Dr Nicholas Bevan

Dr Nicholas Bevan

Wednesday, 2 April 2014


It was depressing to hear conservative MP James Arbuthnot on The Today Program this morning misreprenting the Supreme Court ruling in  Smith & Ors v Ministry of Defence [2013] UKSC 41 last year as a challenge to the principle of combat immunity.  He insinuated that claims like these undermined the ability of our armed forces to put men on the ground in dangerous combat situations and risked causing unnecessary civilian loss by the substitution of aerial bombing.  This is misleading if not disingenuous.

The principle of combat immunity is long established, well acknowledged and in robust usage.  Last year’s Supreme Court hearing did not undermine the principle of combat immunity; quite the opposite.  The case featured an unsuccessful attempt by the Ministry of Defence to extend the scope of combat immunity beyond its well recognized boundaries, in order to prevent the Ministry’s planning and procurement decisions from falling under scrutiny.  The claim featured allegations that service personnel had been unnecessarily exposed to risk and killed or injured due systemic or operational failures on the part of the Ministry of Defence in Whitehall, not in the heat of battle, for failing to provide them with the basic and readily available equipment that was necessary to protect life and limb.  

Whilst it is true that the Human Rights Act was also considered in Smith, the following excerpts from Lord Hope’s judgment indicates the policy limitations that apply to these convention rights:
‘The Strasbourg court has repeatedly emphasised that, when it comes to an assessment of the positive obligations that are to be inferred from the application in any given case of the Convention rights, a fair balance must be struck between the competing interests of the individual and of the community as a whole.
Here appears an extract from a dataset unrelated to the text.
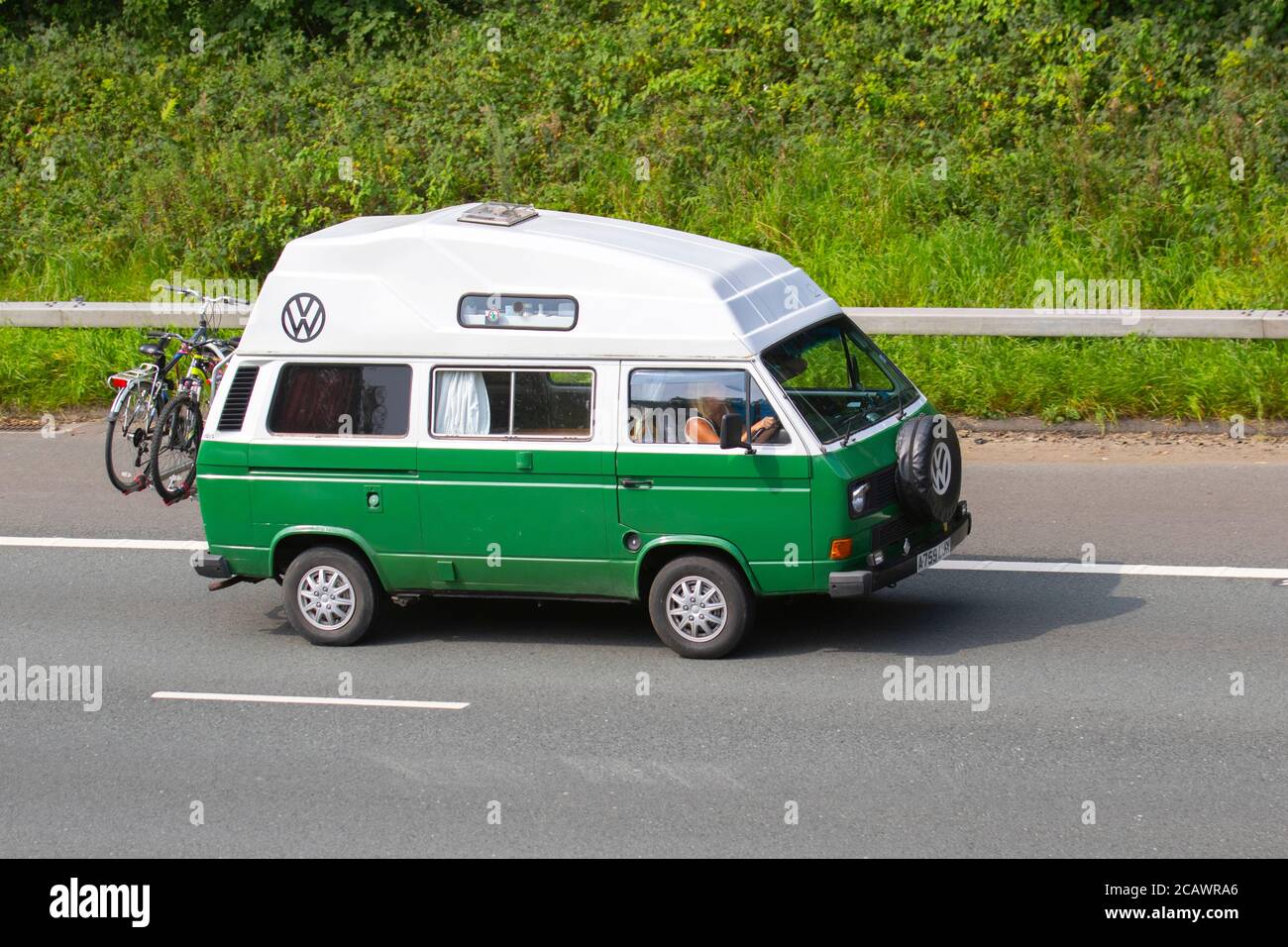 1983 80s green white Volkswagen Caravelle 78Ps; Caravans and Motorhomes, campervans on Britain's roads, RV leisure vehicle, family holidays, caravanette vacations, Touring caravan holiday, van conversions, Vanagon autohome, classic cars, cherished veteran, restored old timer, collectible motors, vintage heritage, old preserved, collectable, resto VW vans. Stock Photo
It has also recognised that there will usually be a wide margin of appreciation if the state is required to strike a balance between private and public interests and Convention rights.’

Defence Secretary Philip Hammond is reported by the BBC as saying: ‘It cannot be right that troops on operations have to put the European Convention on Human Rights ahead of what is operationally vital to protect our national security.’  Well, obviously not.  However, instead of resorting to knee jerk condemnations of the Human Rights Convention, the minister would do better if he concentrated instead on curbing the profligate misspending and staggering procurement blunders perpetrated by his ministry in Whitehall.  Is it really too much to expect, in the absence of a national emergency of the kind experienced in the Second World War, that members of our armed forces should be provided with basic and readily obtainable protective equipment?  This is what the ongoing Smith case is really about.